I wonder if he still has a feel for Canada, and ask him what impressions remain. He answers, as always, with the certainty of a television newsreader. There is no pause for thought. “Oh, I remember the snow. I very much miss a real Canadian winter. Another impression is the compartmentalization of life. I really had no contact whatever with the French-Canadian community. I remember as a small child in Montreal being asked by my teacher along with my classmates to identify ourselves by nationality. Most said Irish or Scottish or English. I said Polish. The only kid who said he was Canadian was the only French Canadian in the class of 20.” There emerges a sympathy, a regret for the Quebec cultural dilemma. “We were terribly remote from the French culture of the province. And, unfortunately, in the social sense, we had a feeling of hierarchy.”

It is hard to draw him out on meaningful

Canadian issues. I ask about a classified “study” he wrote for the State Department on French-Canadian nationalism while he was teaching at Columbia. “It was just a very brief think piece precipitated by the defection from the Liberal Party of Mr. Lévesque. It simply suggested that unless English Canadians took some remedies that were timely, there would be a very serious problem of separatism in Canada. That’s all it said. I am not embarrassed to have made that analysis in 1966 or 1967 as the case may have been.”

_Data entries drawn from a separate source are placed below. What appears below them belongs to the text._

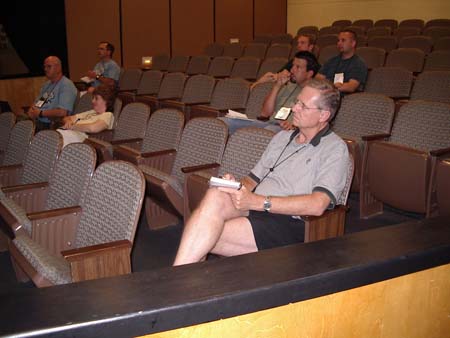 Bill Hurley, Martha Weller, Peter Hoyt, Jamy Krulikowski, Rob Caldwell, Chris Wioskowski, and Ralph Spencer attend a session in the Max Kade theatre.
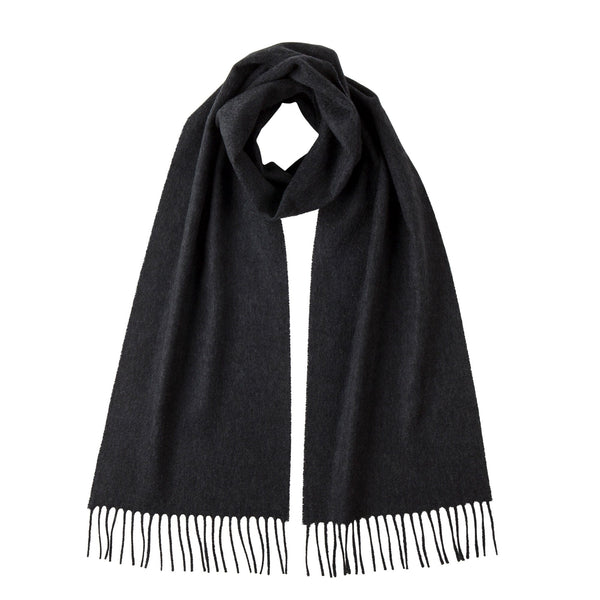 Johnstons Of Elgin Classic Charcoal Cashmere Scarf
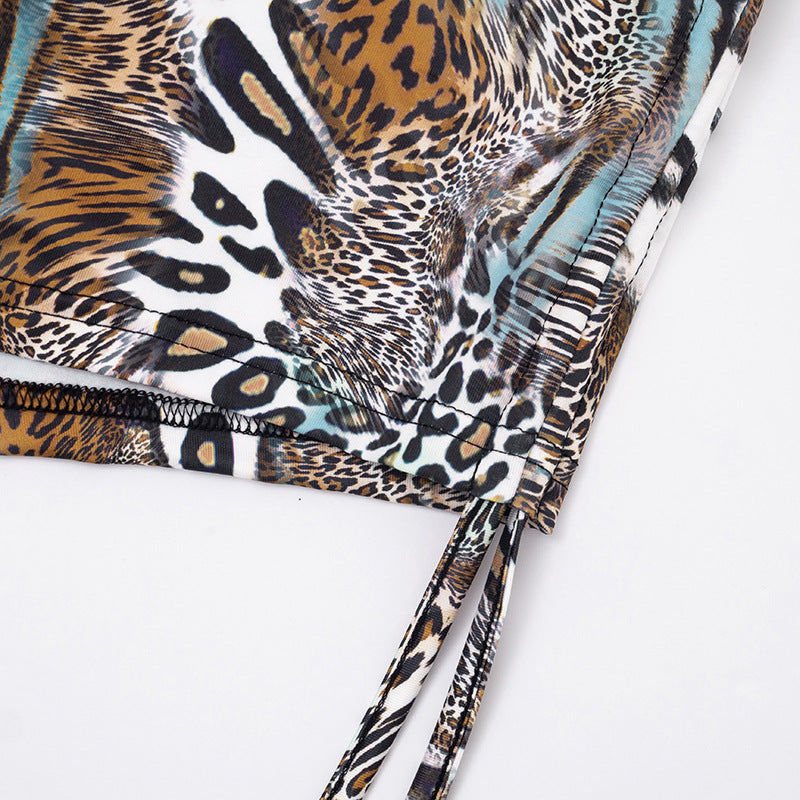 Women Fall Gradient Leopard Print Long-Sleeved Backless Top and Shorts Two-Piece Set 24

And what if Quebec votes for separation, if the province breaks away, what will be American reaction? “I am not prepared to speculate on hypothetical situations.” He is adamant. But there must surely be contingency plans? “1 am not aware of any,” he says. “1 know of no contingency plans dealing with the breakup of Canada. We are operating on the assumption that we will have a strong and healthy Canada to the north of us, as a neighbor. And we welcome that. What more can I say?

What more he can say, we don’t know, because he doesn’t say.

Brzezinski has grown steadily if quietly more assertive during his first year in the White House. Like those who have gone before him he seeks to influence the President, not just provide policy ideas. His readiness to take on the Russians (this is said to be an instinctive attitude, a product of his strong Roman Catholic beliefs, his upper-class East European background and his training as a specialist in Soviet affairs) was given sway from the start with the “human rights” program. Other Western leaders, Pierre Trudeau among them.

advised that a more diplomatic, backroom approach paid off better. But pushed by Brzezinski, Carter turned the issue into a moral crusade, confronting the Soviets on what they claim is a domestic affair. As a result, we have seen some of the worst dissident crackdowns of the decade and further restrictions on exit visas. At the same time, U.S.-Soviet relations have deteriorated noticeably and Strategic Arms Limitations Talks have stalled.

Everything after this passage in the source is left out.